Tippfehler, oder steht das tatsächlich so in der JSP-Datei?




			
				derSchmu hat gesagt.:
			
		

> Was ich im Grunde noch zu dem Projekt sagen kann ist folgendes:
> Um alle Compilefehler loszuwerden habe ich als Libraries im BuildPath noch das WebApps hinzugefuegt und ein User library, welches alle vom TomcatServer beinhaltet. Ansonsten habe ich nichts am Tool veraendert...angeblich lief das so vorher einwandfreid unter MyEclipse...ja nee is klar...
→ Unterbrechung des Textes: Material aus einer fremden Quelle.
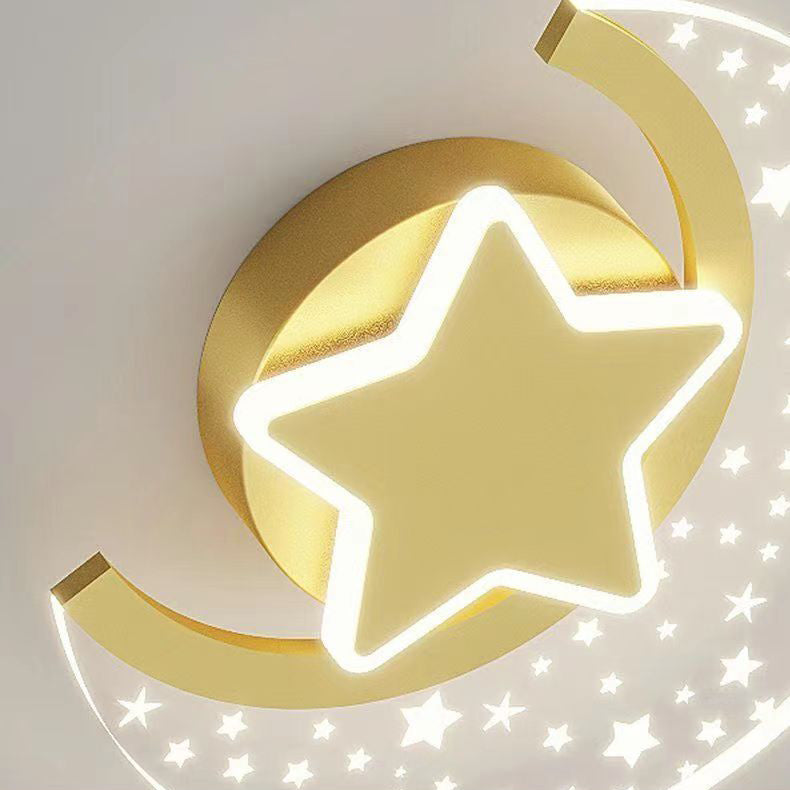 Moderne Einfachheit Eisen Aluminium Acryl Mond Sterne LED Wand Leuchte Lampe Für Nacht 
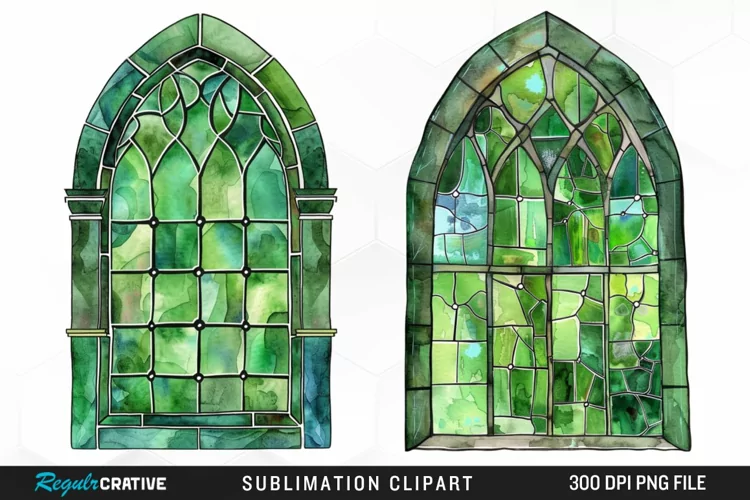 Stained Glass Green Window Illustration Clipart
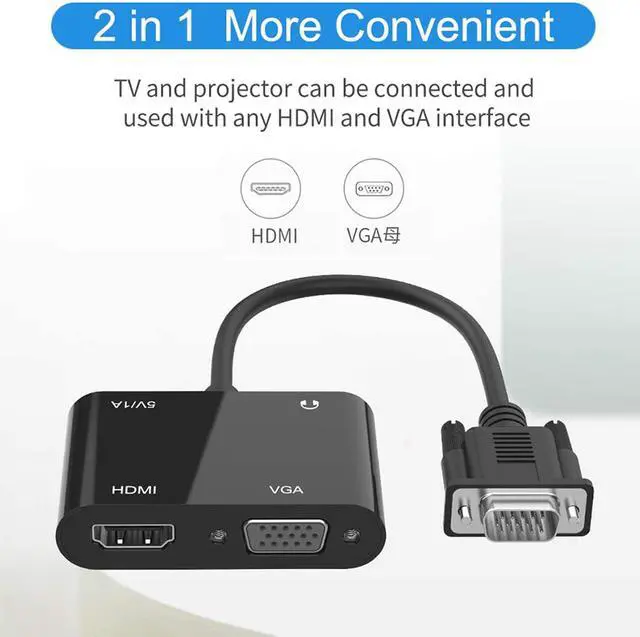 Alt view image 3 of 7 - VGA to HDMI VGA Adapter,  VGA Splitter 1 VGA in HDMI VGA 2 Out (VGA HDMI Interface Display at The Same time), VGA to HDMI VGA Adapter for Computer, Desktop, Laptop, PC, Monitor, Projector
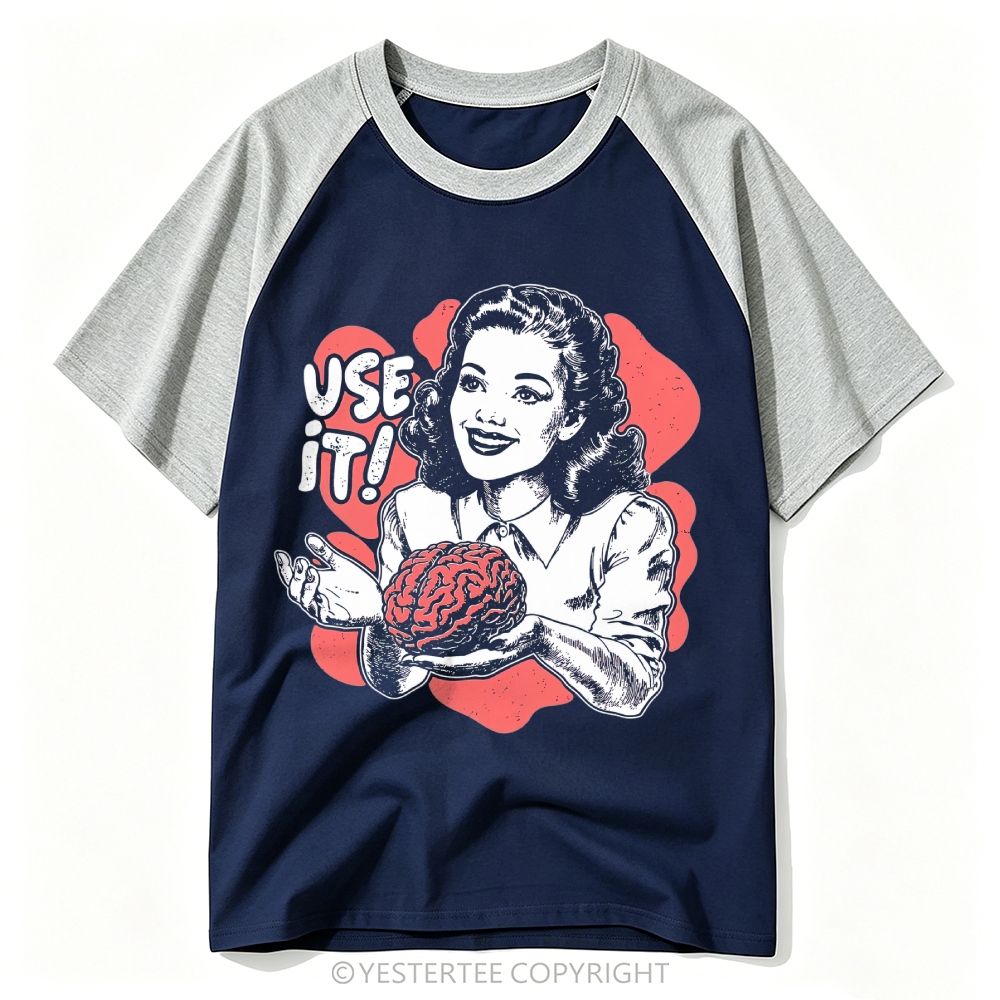 Mid-Century Pin-Up Lady Holding Human Brain Sassy Slogan Baseball T-shirt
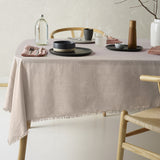 Vintage Design Homewares Gypsy Natural Fringed Washed Linen Cotton Tablecloth 150cm x 275cm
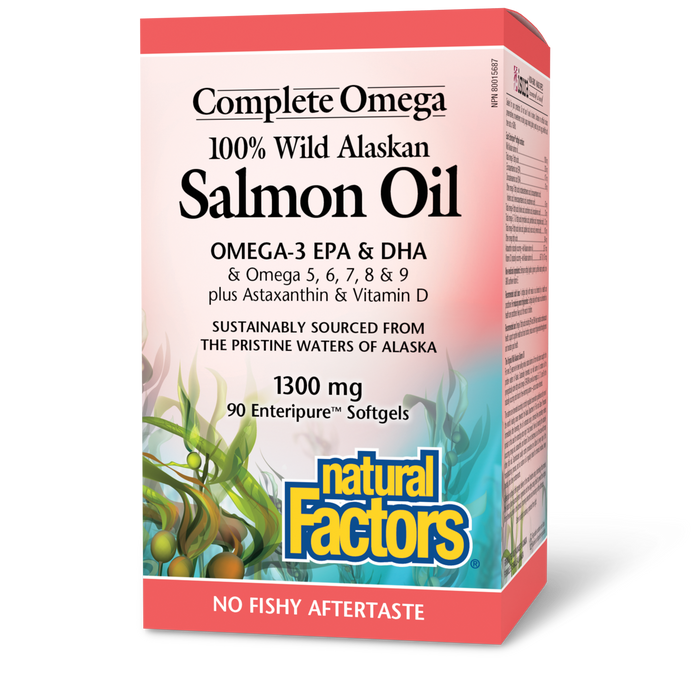 Natural Factors Complete Omega 100% Wild Alaskan Salmon Oil 1300 mg 90 Enteripure® Softgels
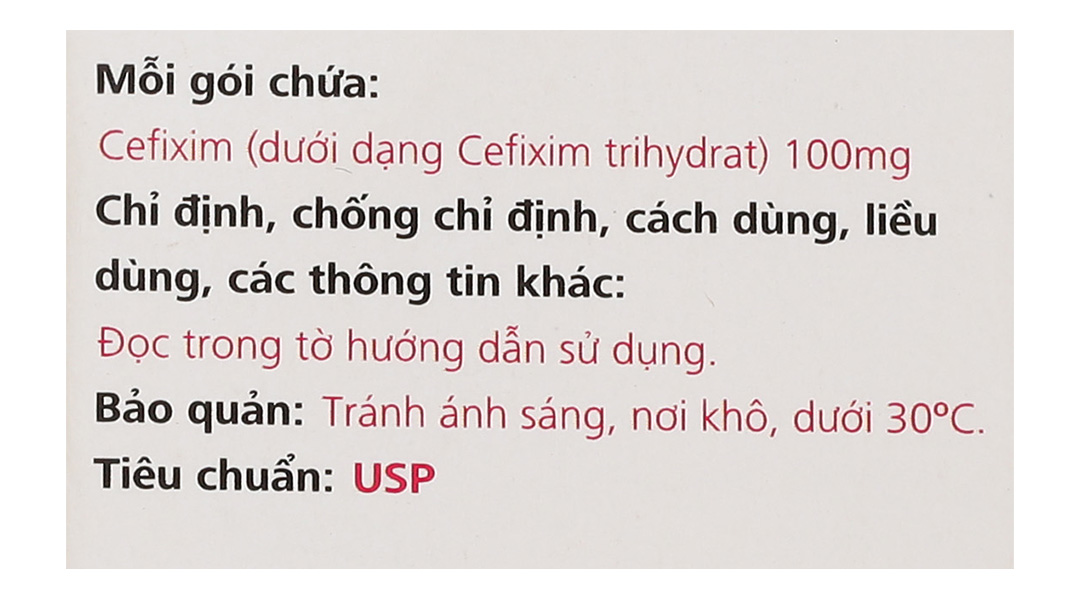Thuốc bột pha hỗn dịch uống Fabafixim 100 trị nhiễm khuẩn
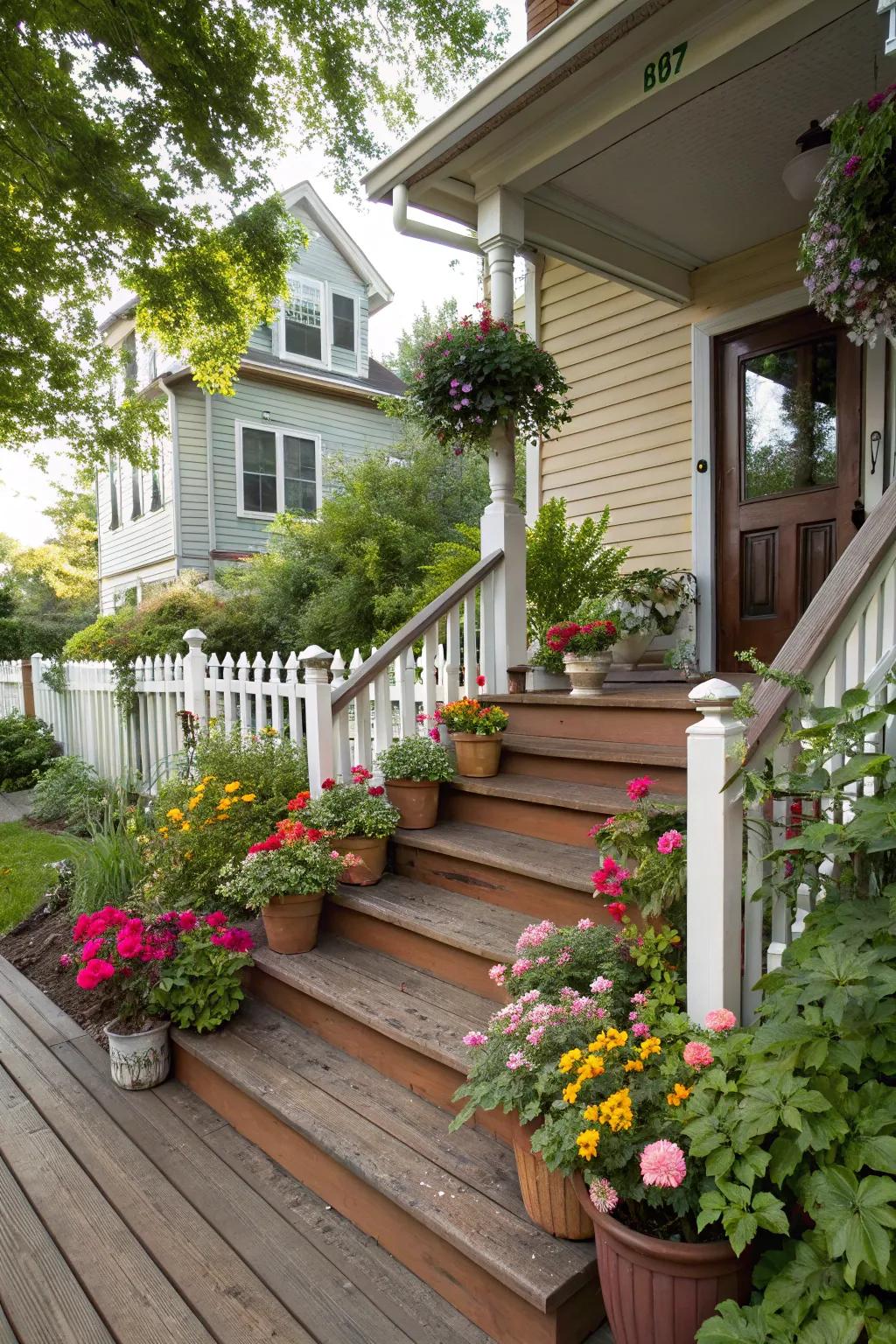 Wide steps make every entry feel like a grand welcome.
Die Konfiguration von Eclipse-WTP-Projekten ist nicht sonderlich kompliziert. Bibliotheken (JARs) werden auf zwei verschiedenen Wegen zur Verfügung gestellt. Entweder kopierst du sie ins Verzeichnis WEB-INF\lib-Verzeichnis deiner Anwendung, oder du fügst sie über die Projekteinstellungen hinzu. Hierbei mit rechter Maustaste aufs Projekt --> Properties --> J2EE Module Dependencies --> Add JARs... (oder Add External JARs).



			
				derSchmu hat gesagt.:
			
		

> Achja noch eine Frage nebenbei....
> sobald ich ins lib-Verzeichnis die javax.servlet.jsp (egal welche Version) einfuege, taucht beim Serverstarten folgendes auf:
> 
> 
> ...


Offensichtlich versuchst du hier etwas was der Servlet-Spezifikation 2.4 zugeordnet ist, einem Tomcat hinzuzufügen, der die Servlet-Spezifikation 2.3 implementiert. Die einzelnen Tomcat-Versionen implementieren bestimmte Servlet-Spezifikationen. Deine Anwendung und die Bibliotheken sollten konsistent dazu sein.


----------



## derSchmu (13. Nov 2008)

Hio nochmals,

als das mit der Tomcat Spezifikation versteh ich, muss ich halt die 2.3er hinzufuegen...ok
Das mit den Project properties und den preferences von Eclipse ist auch klar...soweit ist ja auch alles konfiguriert...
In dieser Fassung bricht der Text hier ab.